#### [Dataset extract]
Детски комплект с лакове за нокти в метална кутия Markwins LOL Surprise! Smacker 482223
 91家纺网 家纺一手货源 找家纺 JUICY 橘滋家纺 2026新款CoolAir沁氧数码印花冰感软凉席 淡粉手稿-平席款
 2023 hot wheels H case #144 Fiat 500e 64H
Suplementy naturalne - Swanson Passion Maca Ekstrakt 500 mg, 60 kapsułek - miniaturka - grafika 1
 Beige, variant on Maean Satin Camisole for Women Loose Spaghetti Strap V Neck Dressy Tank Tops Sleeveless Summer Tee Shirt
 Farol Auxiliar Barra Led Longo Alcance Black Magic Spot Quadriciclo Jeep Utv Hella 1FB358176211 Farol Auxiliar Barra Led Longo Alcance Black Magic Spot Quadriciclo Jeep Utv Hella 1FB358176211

#### [Try it]
Print the entries once more, identical in every line.

#### [Solution for this task]
Детски комплект с лакове за нокти в метална кутия Markwins LOL Surprise! Smacker 482223
 91家纺网 家纺一手货源 找家纺 JUICY 橘滋家纺 2026新款CoolAir沁氧数码印花冰感软凉席 淡粉手稿-平席款
 2023 hot wheels H case #144 Fiat 500e 64H
Suplementy naturalne - Swanson Passion Maca Ekstrakt 500 mg, 60 kapsułek - miniaturka - grafika 1
 Beige, variant on Maean Satin Camisole for Women Loose Spaghetti Strap V Neck Dressy Tank Tops Sleeveless Summer Tee Shirt
 Farol Auxiliar Barra Led Longo Alcance Black Magic Spot Quadriciclo Jeep Utv Hella 1FB358176211 Farol Auxiliar Barra Led Longo Alcance Black Magic Spot Quadriciclo Jeep Utv Hella 1FB358176211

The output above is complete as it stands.